ROGÉRIO NUNO COSTA “MISSED-EN-ABÎME”

Em 1917, Marcel Duchamp escreve “1917” num urinol virado ao contrário. Em 1919, desenha um bigode no mais importante retrato da história da arte, não o original (ele não é Banksy), nem sequer uma reprodução (a Pop não havia ainda sido inventada), antes

um retrato que ele próprio pintou, assim copiando o original e, ao fazê-lo, quase repetindo Melville: I would prefer not to. Em 1921, Man Ray fotografa Duchamp enquanto Rrose Sélavy, fechando o ciclo, ou então abrindo o caminho para o desaparecimento do artista por trás do retrato. Um século depois, ainda não sabemos relacionar-nos, histórica ou artisticamente, com a radicalidade de tais gestos, ora descredibilizando-os (ou procurando-lhes novas autorias), ora atribuindo-lhes uma qualquer intransponibilidade ou irresolução histórica. MISSED-EN-ABÎME quer falar sobre um gesto (centenário) que pode ser lido enquanto destruição, revelação, ou simplesmente ostracismo auto-imposto, como se fosse impossível fazer seja o que for depois de se ter obliterado (quase) tudo. Duchamp terá passado décadas da sua vida a fazer nada, razão pela qual Enrique Vila-Matas lhe terá dedicado algumas notas no seu romance dos autores-do-não (“Bartleby & Cia.”, 2000): « Uma vez, em Paris, o artista Naum Gabo pergunta a Marcel Duchamp porque havia ele parado de pintar. “Mais que voulez-vous?”, responde Duchamp, levantando os braços no ar. “Je n’ai plus d’idées!” ».

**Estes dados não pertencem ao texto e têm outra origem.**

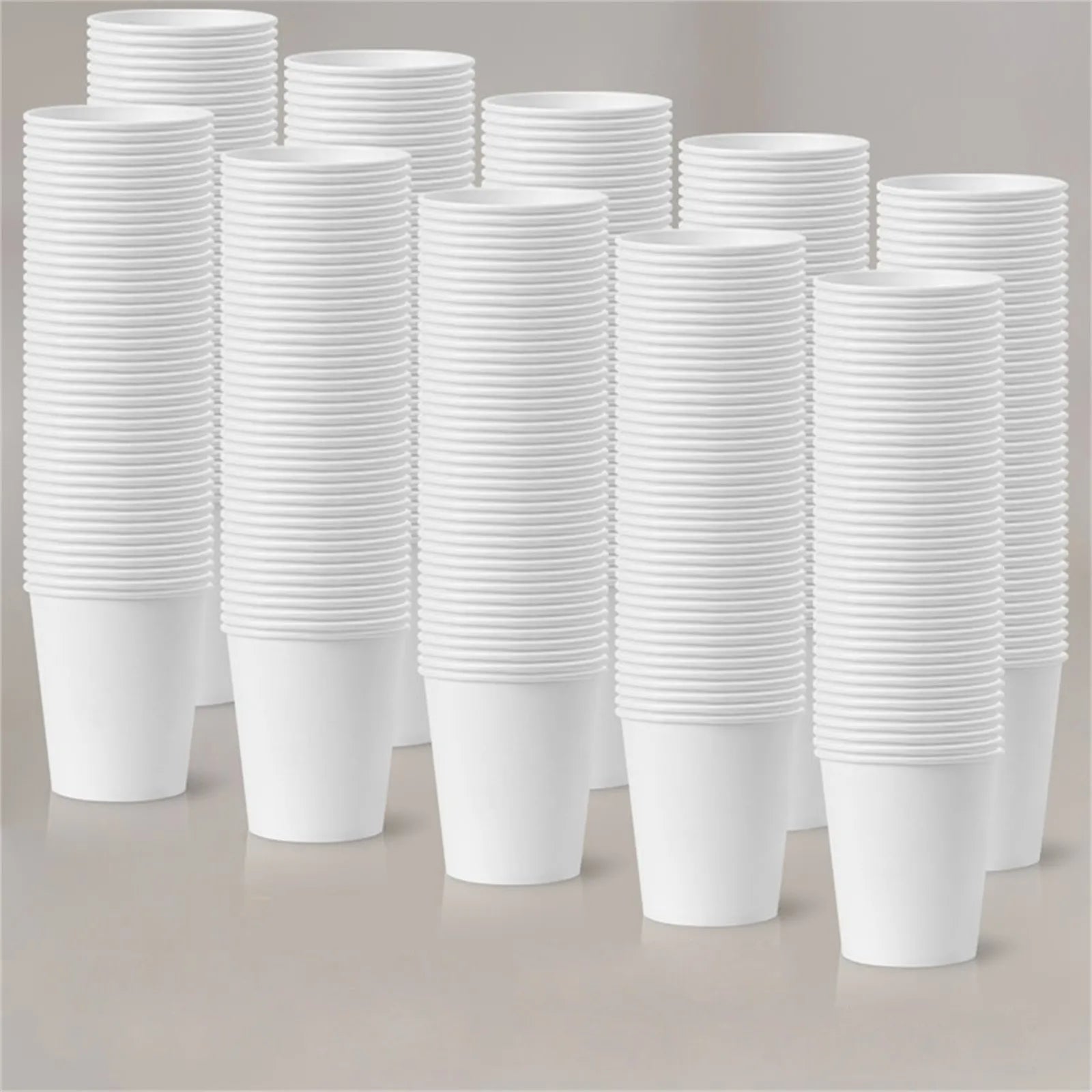 50/500/1000pcs Disposable Paper Cups 210ml Solid Color Paper Cups Coffee Milk Cup Paper Cup For Hot Drinking Party Supplies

A partir deste impasse, e através da ritualização de um isolacionismo queer e sacrificial, MISSED-EN-ABÎME atreve-se a revisitar a negligência de Duchamp, não para lhe atribuir uma solução — « …parce qu’il n’y a pas de problème » —, antes para aceitar o insucesso, o afastamento, a invisibilidade e o esquecimento, quiçá o desaparecimento, não como rituais de vitimização ou opressão autoinfligida, mas enquanto gestos de resistência/sobrevivência.